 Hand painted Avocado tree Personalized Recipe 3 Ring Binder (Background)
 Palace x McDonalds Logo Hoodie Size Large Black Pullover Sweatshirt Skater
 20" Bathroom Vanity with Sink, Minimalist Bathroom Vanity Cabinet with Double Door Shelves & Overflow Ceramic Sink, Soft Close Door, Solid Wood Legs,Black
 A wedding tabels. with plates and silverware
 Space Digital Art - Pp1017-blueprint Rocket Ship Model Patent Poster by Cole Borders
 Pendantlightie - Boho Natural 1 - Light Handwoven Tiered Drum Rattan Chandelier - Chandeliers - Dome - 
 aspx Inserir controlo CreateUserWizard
...
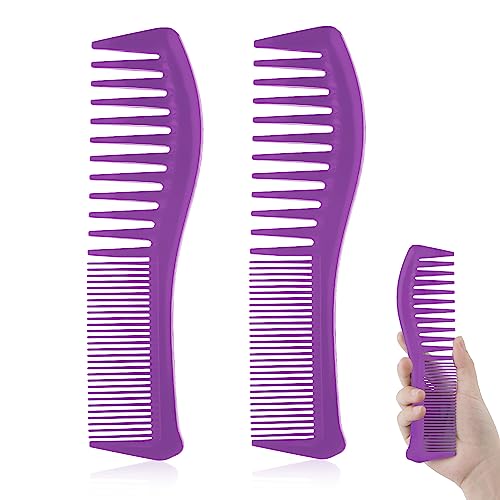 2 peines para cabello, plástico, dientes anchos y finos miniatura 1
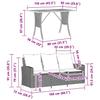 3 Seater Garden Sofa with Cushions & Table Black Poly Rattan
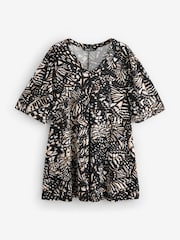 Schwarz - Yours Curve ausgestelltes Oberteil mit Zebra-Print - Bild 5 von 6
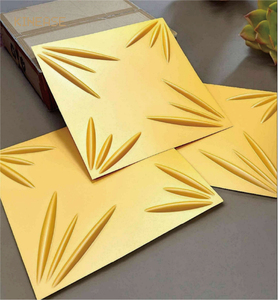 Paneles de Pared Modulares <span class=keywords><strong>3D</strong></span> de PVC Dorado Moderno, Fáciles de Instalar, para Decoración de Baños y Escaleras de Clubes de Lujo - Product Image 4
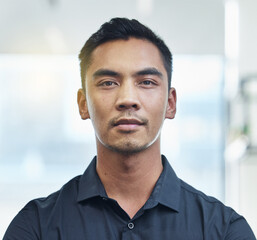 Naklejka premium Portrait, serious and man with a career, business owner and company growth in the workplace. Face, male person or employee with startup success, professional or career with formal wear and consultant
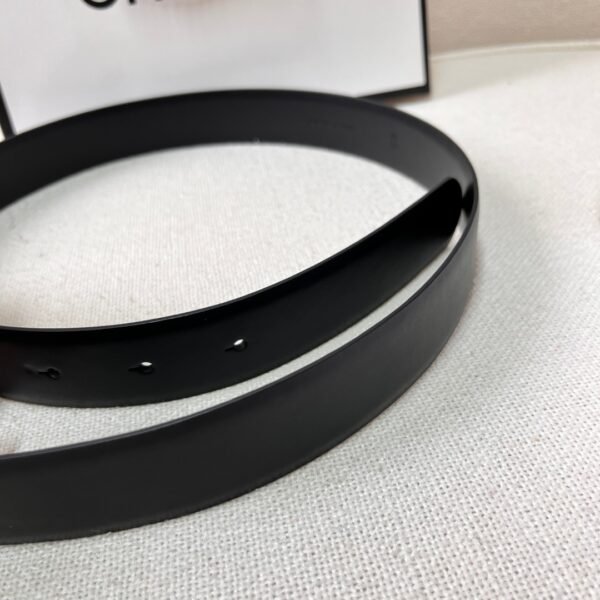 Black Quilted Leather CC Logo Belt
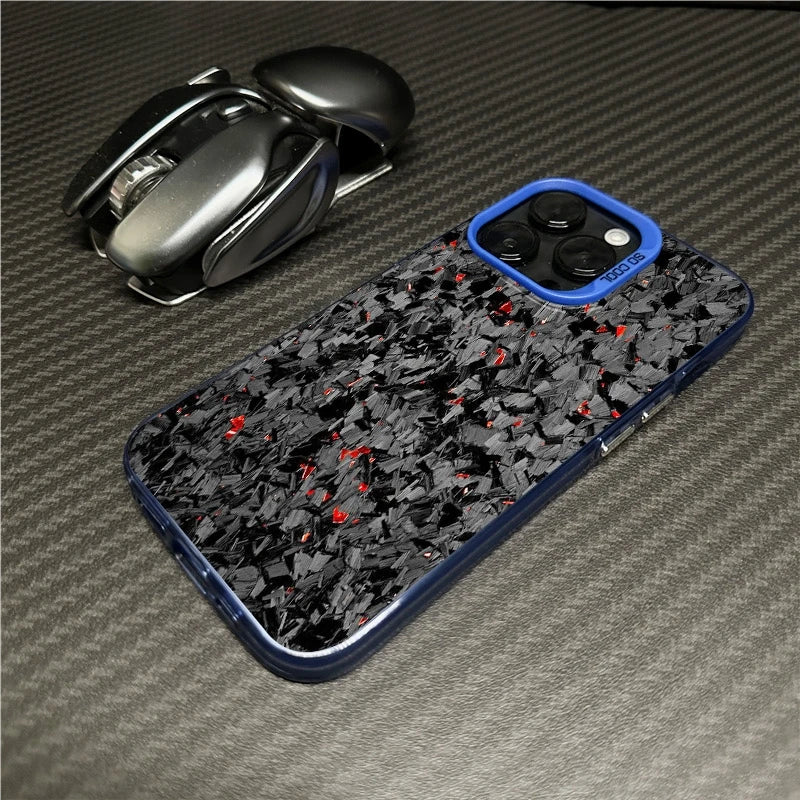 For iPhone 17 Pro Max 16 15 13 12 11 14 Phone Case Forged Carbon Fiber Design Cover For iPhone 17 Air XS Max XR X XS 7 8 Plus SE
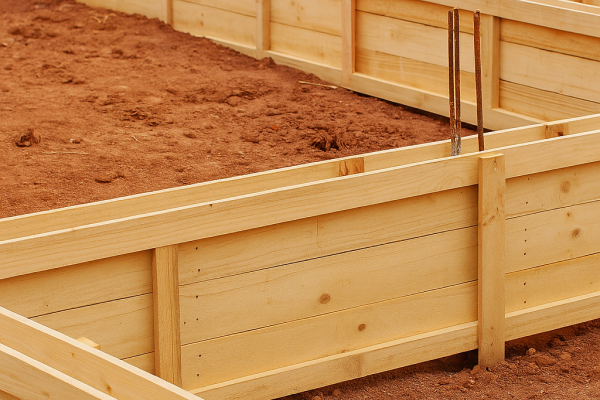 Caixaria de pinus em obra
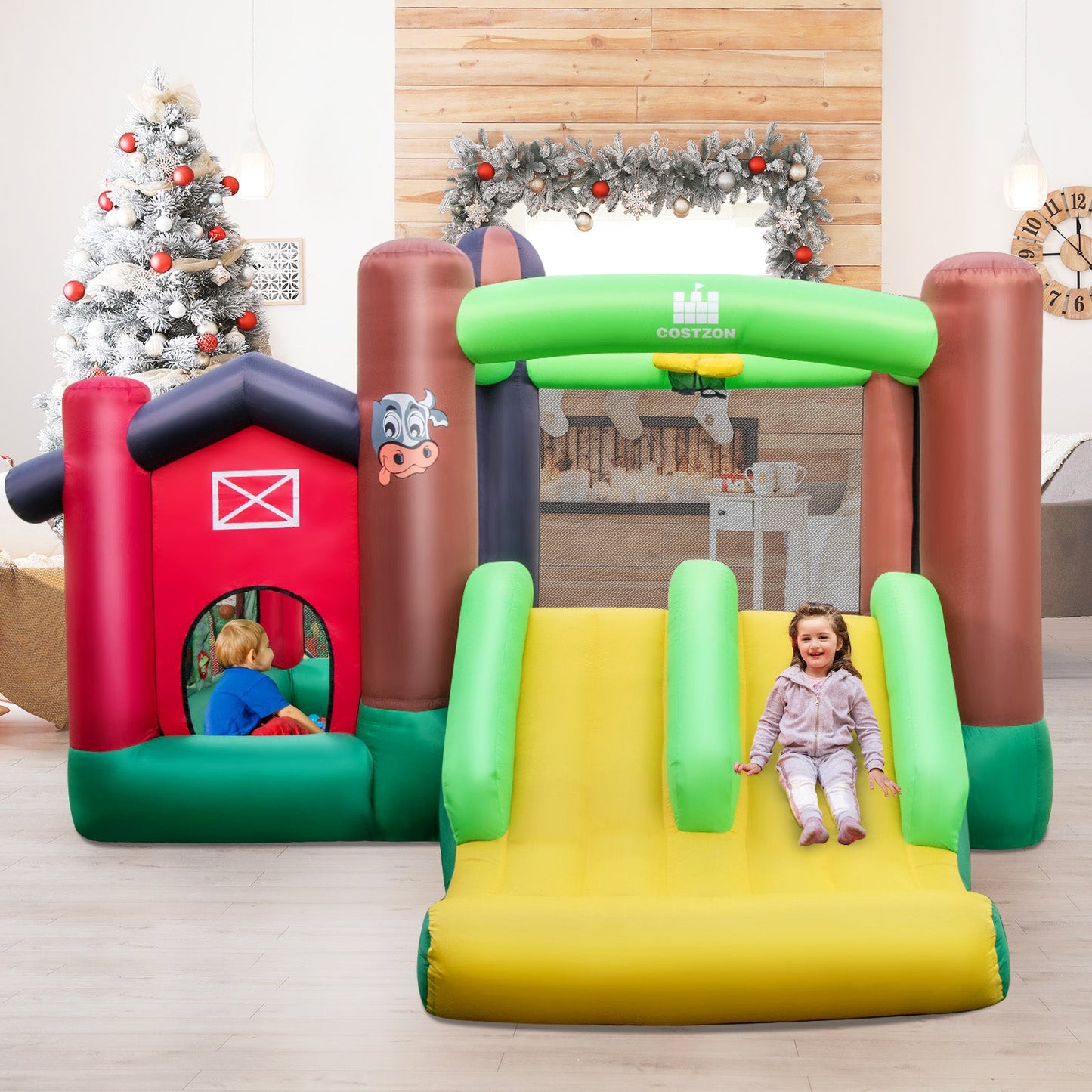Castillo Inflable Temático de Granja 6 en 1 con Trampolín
---
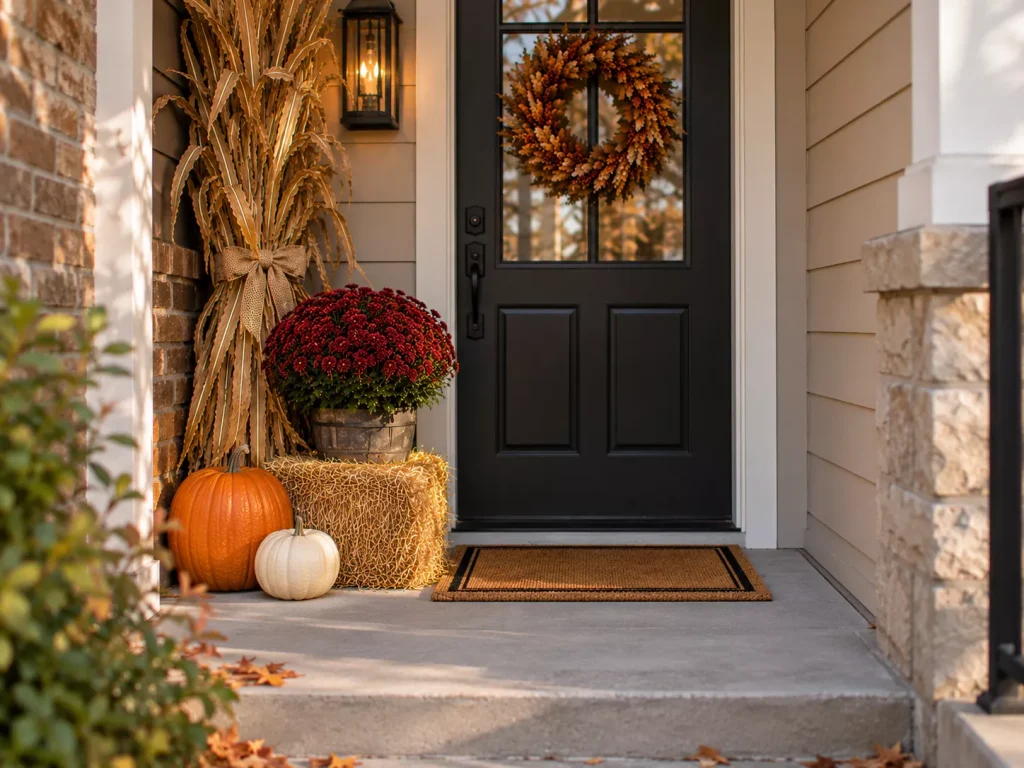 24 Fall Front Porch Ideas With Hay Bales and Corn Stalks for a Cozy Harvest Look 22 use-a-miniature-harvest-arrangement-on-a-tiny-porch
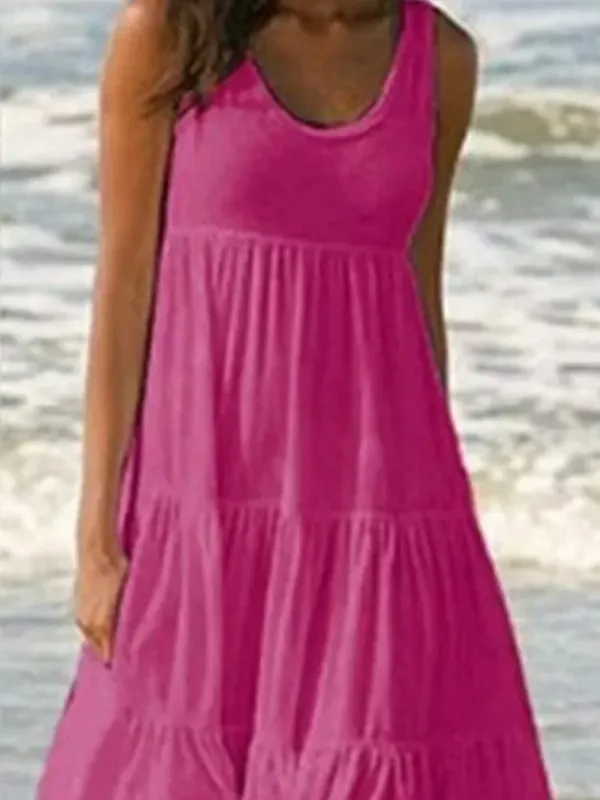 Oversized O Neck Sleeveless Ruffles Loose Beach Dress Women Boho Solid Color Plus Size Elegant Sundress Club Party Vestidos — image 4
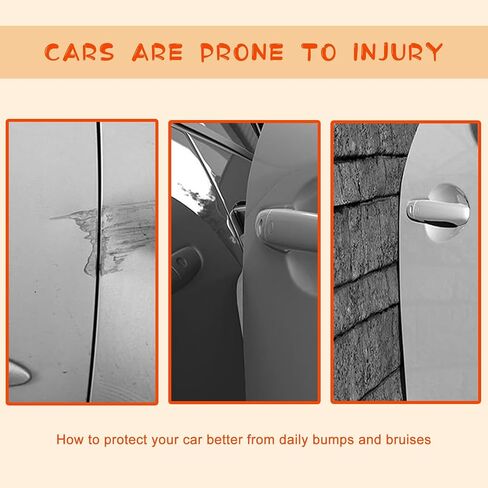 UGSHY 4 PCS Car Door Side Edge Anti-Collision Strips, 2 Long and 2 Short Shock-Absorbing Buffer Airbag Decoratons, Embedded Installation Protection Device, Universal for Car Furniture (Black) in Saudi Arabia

AIM OF THE TASK:
Repeat exactly the lines above from the one with "Hand painted Avocado" up to and including the one with "A wedding tabels. with plates and silverware". No other line belongs in the reply.

WRITTEN RESPONSE:
 Hand painted Avocado tree Personalized Recipe 3 Ring Binder (Background)
 Palace x McDonalds Logo Hoodie Size Large Black Pullover Sweatshirt Skater
 20" Bathroom Vanity with Sink, Minimalist Bathroom Vanity Cabinet with Double Door Shelves & Overflow Ceramic Sink, Soft Close Door, Solid Wood Legs,Black
 A wedding tabels. with plates and silverware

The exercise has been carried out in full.